Instructions for the task
Lines, not repeats, are what count: give the number of lines below that hold "Round", and nothing more.

##### Dataset entries

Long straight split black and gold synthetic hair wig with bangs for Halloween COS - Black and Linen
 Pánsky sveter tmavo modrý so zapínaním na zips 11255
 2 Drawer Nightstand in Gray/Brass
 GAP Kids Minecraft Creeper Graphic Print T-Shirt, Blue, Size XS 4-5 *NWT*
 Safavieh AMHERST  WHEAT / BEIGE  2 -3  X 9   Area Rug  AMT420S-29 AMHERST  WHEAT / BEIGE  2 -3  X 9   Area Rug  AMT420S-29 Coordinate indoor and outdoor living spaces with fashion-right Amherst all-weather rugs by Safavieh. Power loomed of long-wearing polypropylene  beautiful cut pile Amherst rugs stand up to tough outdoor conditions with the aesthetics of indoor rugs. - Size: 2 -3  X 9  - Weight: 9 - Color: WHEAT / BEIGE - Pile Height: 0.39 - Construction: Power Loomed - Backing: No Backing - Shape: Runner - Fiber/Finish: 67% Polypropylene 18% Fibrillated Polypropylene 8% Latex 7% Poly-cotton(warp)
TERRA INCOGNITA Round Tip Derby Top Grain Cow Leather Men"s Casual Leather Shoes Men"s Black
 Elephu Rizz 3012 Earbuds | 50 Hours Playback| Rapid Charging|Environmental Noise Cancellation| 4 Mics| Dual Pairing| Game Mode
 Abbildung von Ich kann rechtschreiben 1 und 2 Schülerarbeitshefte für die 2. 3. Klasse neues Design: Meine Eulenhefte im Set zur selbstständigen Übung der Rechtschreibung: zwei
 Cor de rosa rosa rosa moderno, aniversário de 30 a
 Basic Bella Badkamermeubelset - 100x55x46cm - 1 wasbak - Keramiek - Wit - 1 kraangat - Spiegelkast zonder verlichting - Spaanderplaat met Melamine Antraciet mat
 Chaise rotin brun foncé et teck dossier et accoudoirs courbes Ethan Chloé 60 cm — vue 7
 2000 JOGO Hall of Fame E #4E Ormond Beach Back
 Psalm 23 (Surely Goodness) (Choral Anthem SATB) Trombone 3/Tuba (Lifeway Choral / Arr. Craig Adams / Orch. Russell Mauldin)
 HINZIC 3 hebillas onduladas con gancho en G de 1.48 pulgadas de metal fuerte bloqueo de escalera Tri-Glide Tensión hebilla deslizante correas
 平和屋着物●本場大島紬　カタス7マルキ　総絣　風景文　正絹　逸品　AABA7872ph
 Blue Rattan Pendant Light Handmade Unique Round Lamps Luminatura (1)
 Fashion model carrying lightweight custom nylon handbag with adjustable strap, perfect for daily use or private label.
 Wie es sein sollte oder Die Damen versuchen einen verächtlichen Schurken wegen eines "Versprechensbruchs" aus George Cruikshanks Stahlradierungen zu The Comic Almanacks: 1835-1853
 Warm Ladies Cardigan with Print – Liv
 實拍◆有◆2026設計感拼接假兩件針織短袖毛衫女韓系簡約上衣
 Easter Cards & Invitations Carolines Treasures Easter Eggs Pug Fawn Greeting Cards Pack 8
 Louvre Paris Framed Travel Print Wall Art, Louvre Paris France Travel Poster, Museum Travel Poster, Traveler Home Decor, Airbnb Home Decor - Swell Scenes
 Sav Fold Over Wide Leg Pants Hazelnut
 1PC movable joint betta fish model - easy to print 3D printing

##########

Response area
2